An approach using threads, some advice please.
Posted: Wed Jun 28, 2006 1:03 pm
I am thinking of using an approach as outlined below and, as the project is big and even a testbed is going to take some work, I would appreciate any input or advice before committing to it.
For the summary, let:
GE = Game Engine (AI, general work) - A thread
SR = Screen Render - A thread
UI = User Interface (input and general housekeeping)
This is all one program, but internally it will have these three parts.
I want these three parts to run threaded, without too much awareness of each other. However, they are independent, sharing only some information.
(The program will not use threadsafe.)
The UI role is to hang around waiting for user input and either deal with it or store it for the GE (instructions, orders, etc) and SR (eg, advising which way the map has been scrolled and by how much).

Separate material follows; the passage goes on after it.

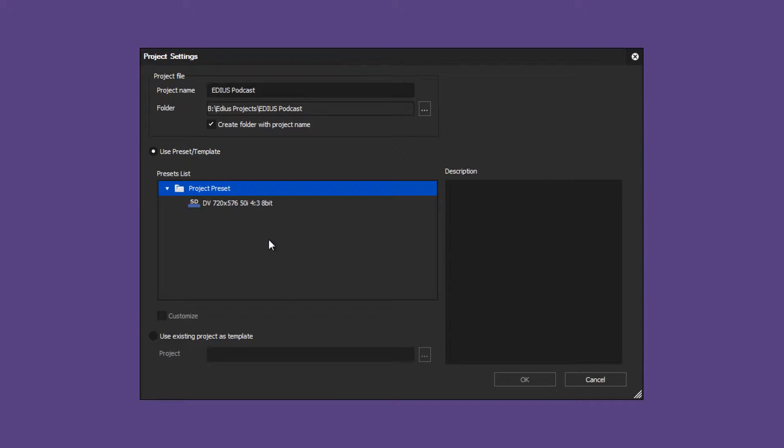If you want to set up a new project in EDIUS but your preferred preset is not available, you need to do the following.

Note: UI does the initial startup, then launches the two threads and drops into a listening loop. It also advises the other two to pause or stop completely and does things like saves, the closedown, etc, etc.

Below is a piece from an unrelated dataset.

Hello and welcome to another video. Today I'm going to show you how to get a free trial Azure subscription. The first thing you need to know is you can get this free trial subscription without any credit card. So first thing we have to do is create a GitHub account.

The GE role is to deal with the information to hand, eg, user inputs as reported by UI and internal info as created by the game dynamics, and resolve anything that needs resolving.
The SR role is to update the screen as often as possible. That is all it does, using information made available by GE and UI.

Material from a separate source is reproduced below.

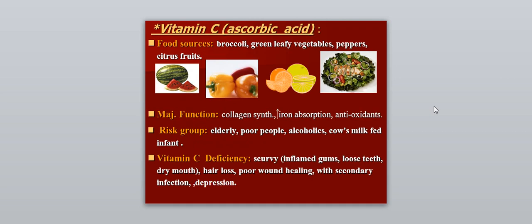Vitamin C, also called ascorbic acid. Food sources include broccoli, green leafy vegetables, peppers, and citrus fruits. The major function is collagen synthesis, increased iron absorption, and acting as an antioxidant. The risk group includes the elderly, poor people, alcoholics, and cow milk-fed infants — an important group prone to vitamin C deficiency. Vitamin C deficiency causes scurvy, characterized by inflamed gums, loose teeth, dry mouth, hair loss, poor wound healing, secondary infection, and may cause psychological problems like depression.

Each will have data reserved for itself, and there will be shared data.
There will be a DoNotDoAnythingSignificant flag which all three can view at any time, but can only set with a successful LockMutex(x) or TryLockMutex(x). In general, Mutex will only be used when shared data areas (like the DoNotDoAnythingSignificant flag) are updated.
Each will Delay(1) after a cycle. (Is this good or necessary?)
I am hoping this will make the game graphics flow as smoothly as possible on any machine via SR, and the GE will just flog away moving units, resolving conflicts, etc as fast as possible. Obviously there is some interaction but with what I have concept-designed so far it is (hopefully) minimal.
Is the concept sound? What pitfalls do you see? Will the three conflict with each in competing for system resources (main timeslices)? Provided I ensure that updating shared data is properly governed by mutex-ing, is this safe?
Sorry for such a broad-based question, but game design is not my forte (I have only written small stuff) and I really don't want to go some way down a poor path before I discover it is a poor path, especially at such a fundamental level.
PS: There may be other "supporting" threads. For example GE might use one or more PathFinding requests (threads), eg "give me best path for this unit type from x1,y1 to x2,y2 with 'n' waypoints" and PathChecking requests ("Has this path become blocked/invalid").
PPS: I had considered using client/server even for single user (Quake-ish approach I think) but that adds extra complexity (for me) so I'll stick with single player verses AI and hopefully develop a good and basically re-usable AI.
For the summary, let:
GE = Game Engine (AI, general work) - A thread
SR = Screen Render - A thread
UI = User Interface (input and general housekeeping)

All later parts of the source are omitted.